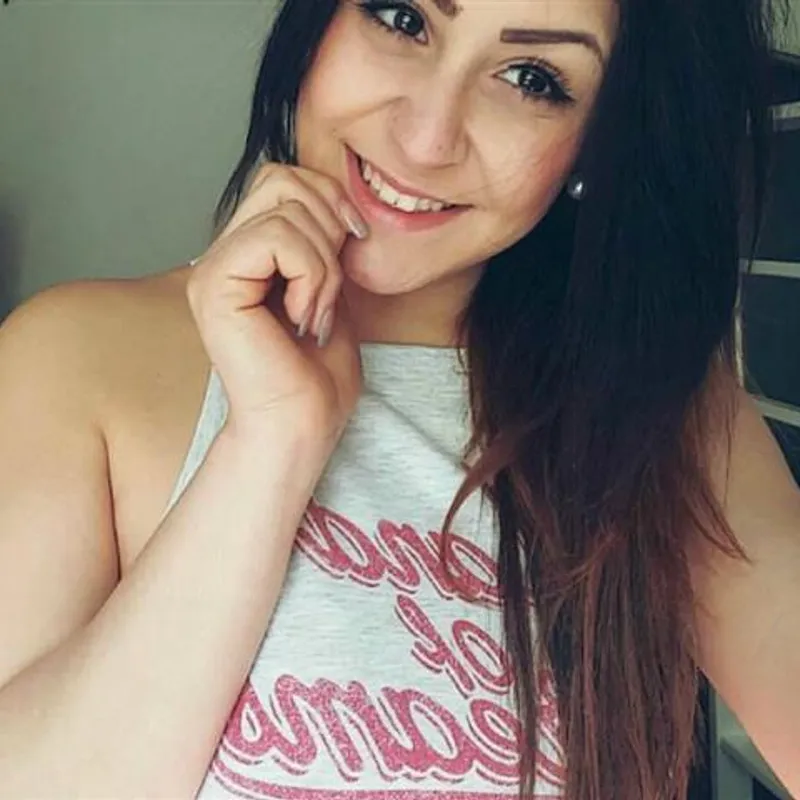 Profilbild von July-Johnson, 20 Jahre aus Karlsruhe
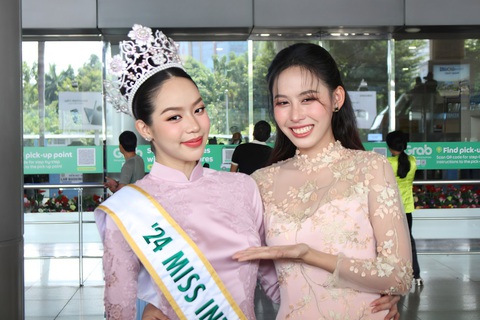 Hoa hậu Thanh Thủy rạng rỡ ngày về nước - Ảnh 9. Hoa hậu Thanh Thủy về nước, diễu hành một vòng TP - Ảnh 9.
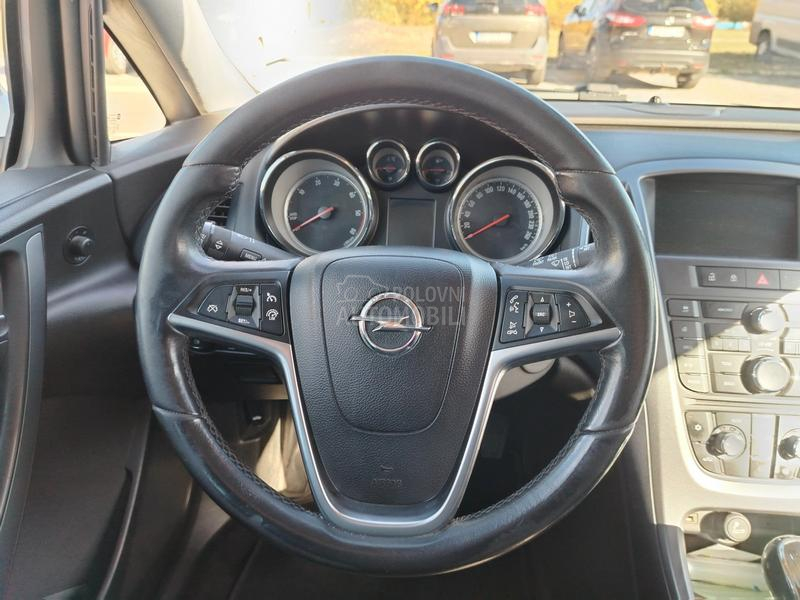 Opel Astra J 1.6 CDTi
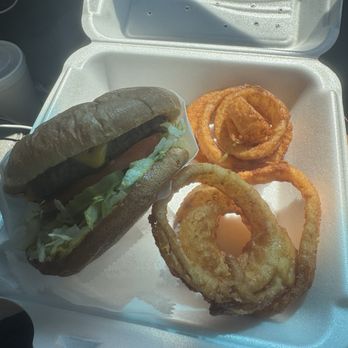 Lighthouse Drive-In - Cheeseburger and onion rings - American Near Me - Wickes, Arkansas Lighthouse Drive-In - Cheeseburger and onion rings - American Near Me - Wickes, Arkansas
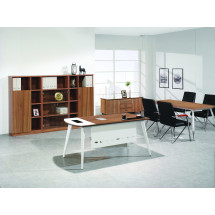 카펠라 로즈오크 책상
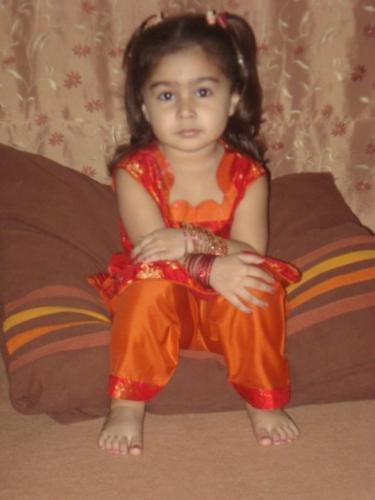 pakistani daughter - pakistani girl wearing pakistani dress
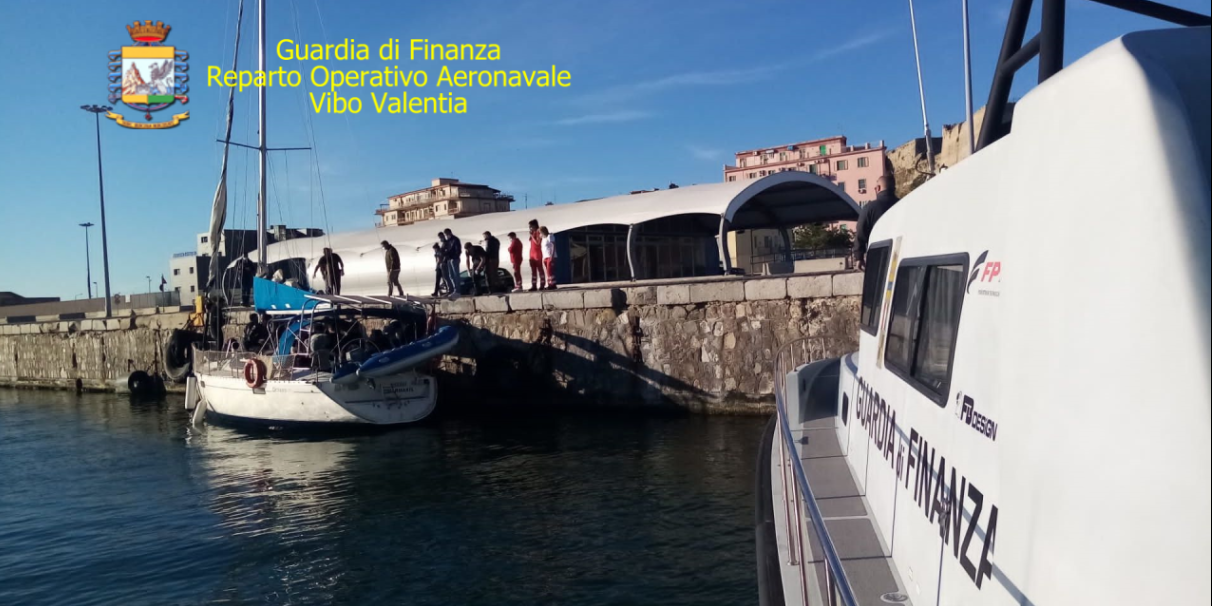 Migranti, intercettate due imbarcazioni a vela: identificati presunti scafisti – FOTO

....

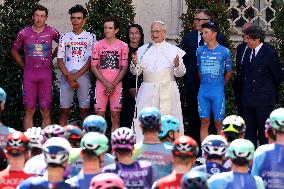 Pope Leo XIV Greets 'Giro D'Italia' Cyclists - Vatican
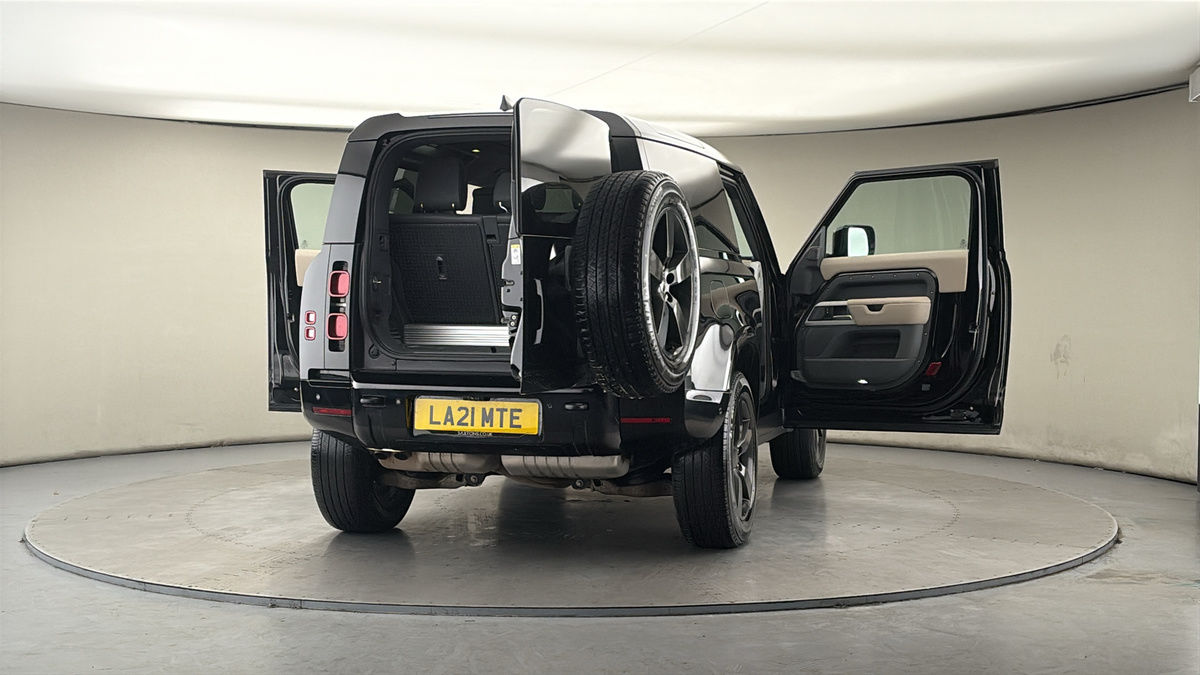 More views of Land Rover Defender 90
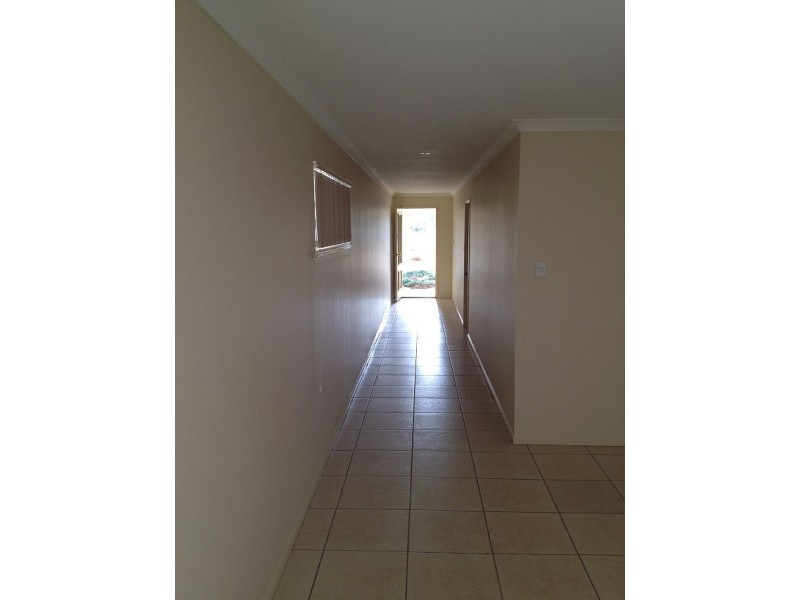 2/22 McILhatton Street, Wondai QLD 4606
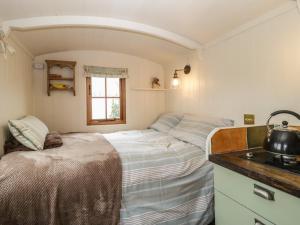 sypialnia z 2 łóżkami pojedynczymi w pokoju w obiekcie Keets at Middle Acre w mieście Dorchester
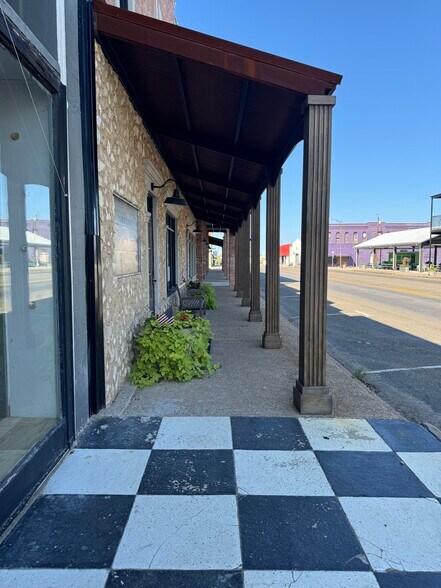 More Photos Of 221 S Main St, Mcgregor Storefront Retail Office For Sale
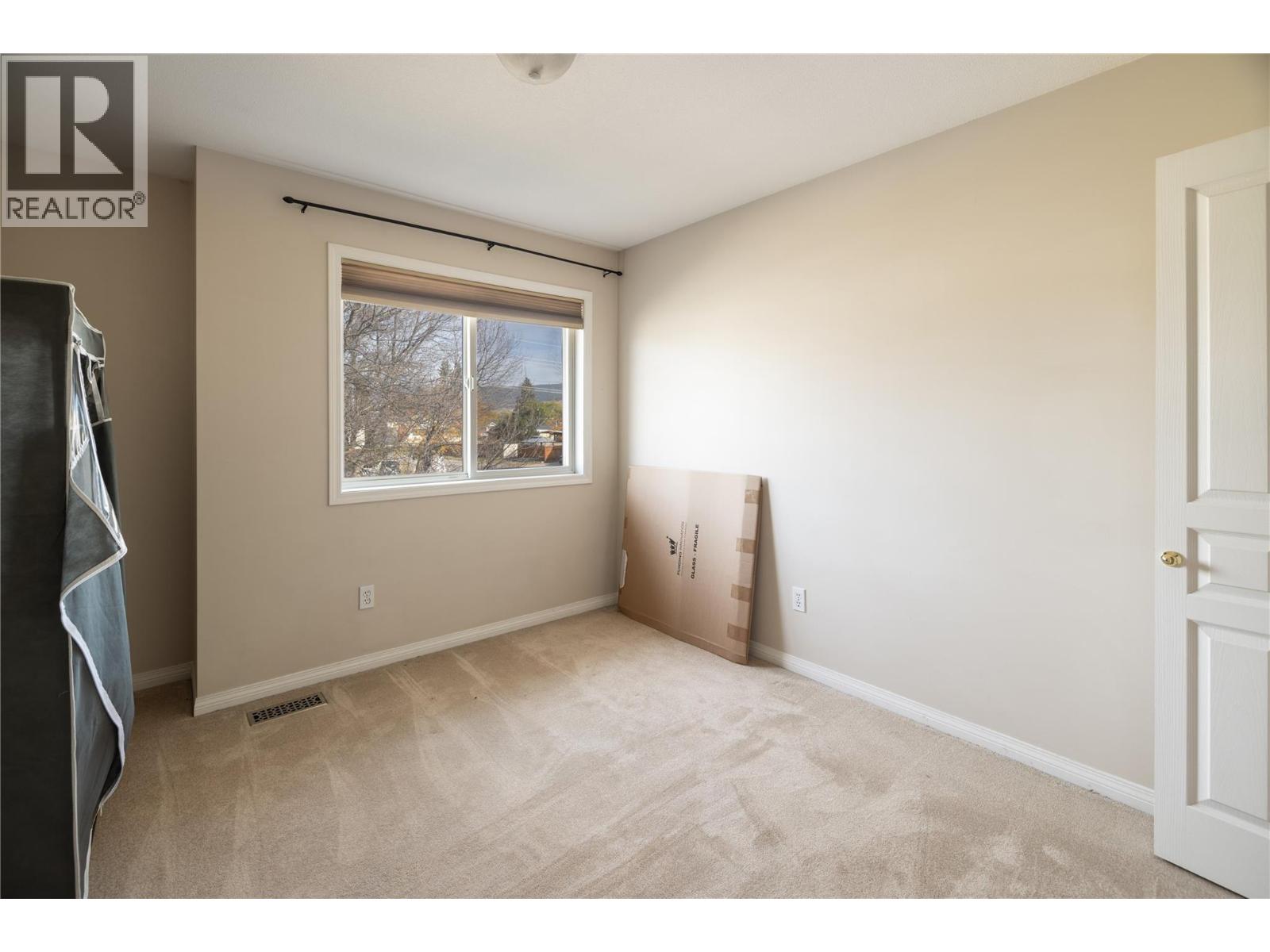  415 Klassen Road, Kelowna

....

Extract the part of the records that opens with the line containing "More Photos Of" and closes with the line containing "415 Klassen Road, Kelowna". Take only those lines, exactly, and no pictures.

 More Photos Of 221 S Main St, Mcgregor Storefront Retail Office For Sale
  415 Klassen Road, Kelowna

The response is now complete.